TO DO
Repeat the listing exactly. Any picture in it should be left out of the copy.

EXERCISE DATA
----------------------------------------

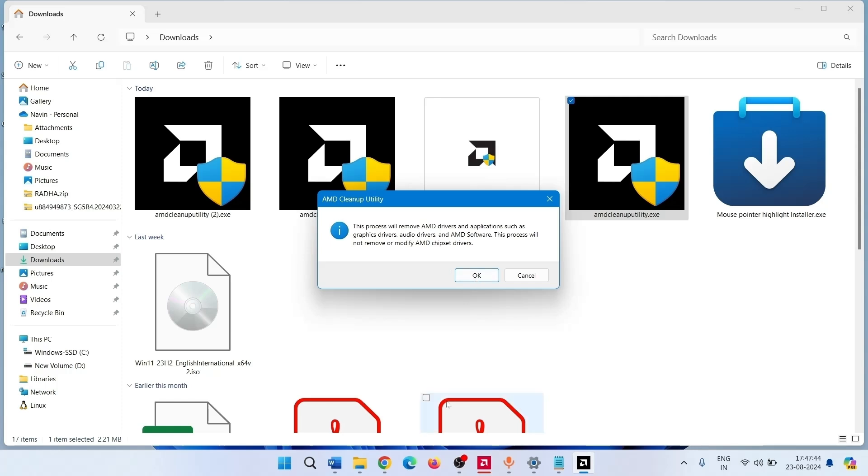The cleanup will be started. A banner will be displayed while the cleanup process is running in the background. It is normal for the display to flicker or go blank momentarily during this stage.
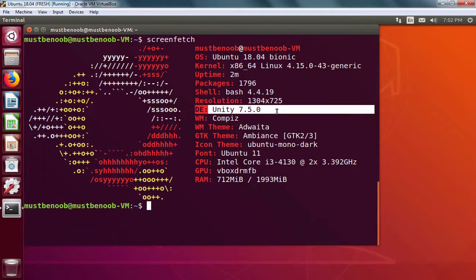So this is the way how we can install and use Unity desktop environment in Ubuntu 18.04. That concludes our video demonstration. Thank you all for watching this video.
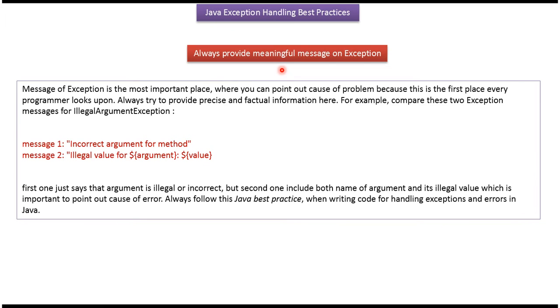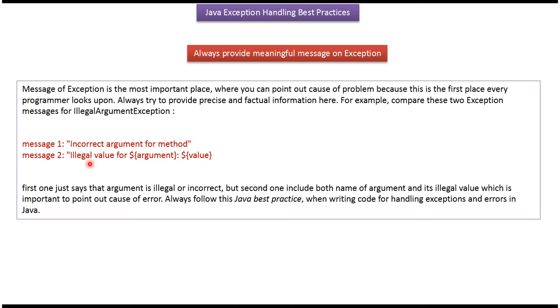Always provide meaningful message on exception. Here you can see two exception messages for IllegalArgumentException. The first one just says incorrect argument for method. But second message gives detail information. It gives name of the argument and value of the argument which cause IllegalArgumentException. So we have to use message like this.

----------------------------------------

EXERCISE RESULT
The cleanup will be started. A banner will be displayed while the cleanup process is running in the background. It is normal for the display to flicker or go blank momentarily during this stage.
So this is the way how we can install and use Unity desktop environment in Ubuntu 18.04. That concludes our video demonstration. Thank you all for watching this video.
Always provide meaningful message on exception. Here you can see two exception messages for IllegalArgumentException. The first one just says incorrect argument for method. But second message gives detail information. It gives name of the argument and value of the argument which cause IllegalArgumentException. So we have to use message like this.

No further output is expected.